Product Highlight - Heating with Java Fireplace Logs

For many years now, Brazil has been using blocks of discarded coffee beans as fuel in locomotives and as heating in factories. Apparently the country had such a surplus of coffee beans in the 1930s that they were throwing away bags of the beans into the sea until someone came up with the idea of forming the beans into bricks to burn as heat.

Today, Jarden Home Brands in the US distributes Java-Log “the funky new fireplace item that has quickly become the people’s choice firelog … It offers a wonderful solution to the much detested chemical smell associated with other firelogs”. In addition to the soothing sweet smell, the logs produce fewer emissions than wood, are considered environmentally friendly as they are made from waste coffee beans, and they sound like a real wood fire.

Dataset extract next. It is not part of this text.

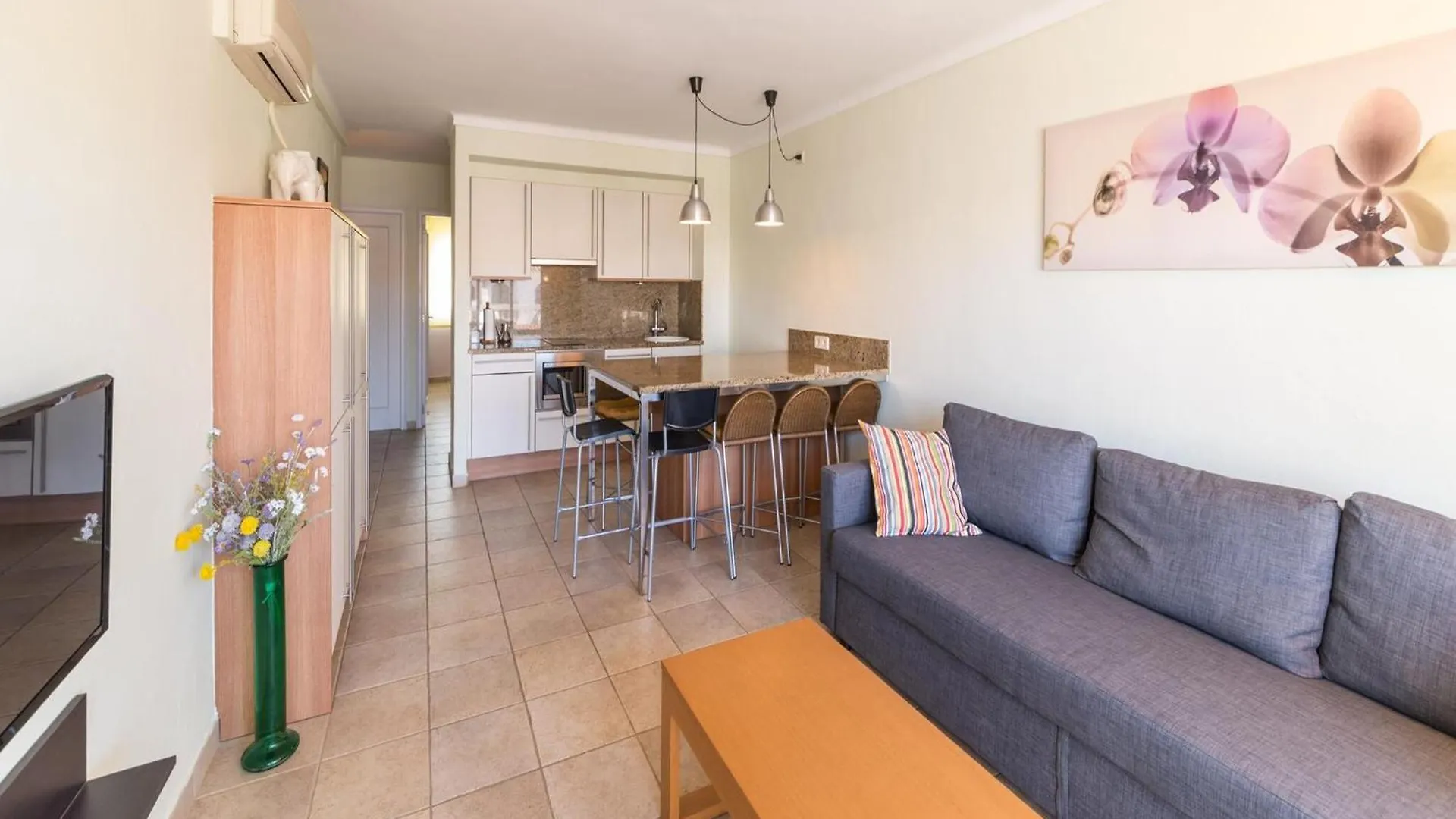 Beautiful Apartment With Communal Pool L'Escala Spain
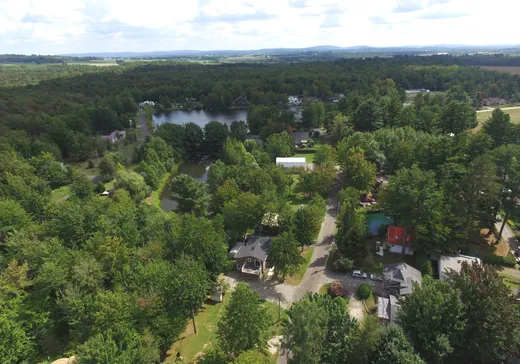 Maison à vendre - 135 4e Avenue, Saint-Félix-de-Kingsey, J0B 2T0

Not only are the logs made from a renewable and sustainable resource, they also help to keep millions of pounds of waste coffee beans out of landfill sites. They are cleaner burning producing less carbon monoxide and less creosote. The three pound logs are said to burn as long as other five pound logs and produce twenty-five percent more energy than wood. Another unique use of the logs is as a gardening application. Once the logs burn up, the ashes can be used to enrich soil for plants.

Rod Sprules from Ottawa, Canada, the inventor and creator of Java-Log has received patents for his product. In 2003, Time Magazine named Java-Log one of the coolest inventions of 2003. They claimed that in comparison testing, it was found that the log lit more quickly and produced taller flames than its regular counterpart.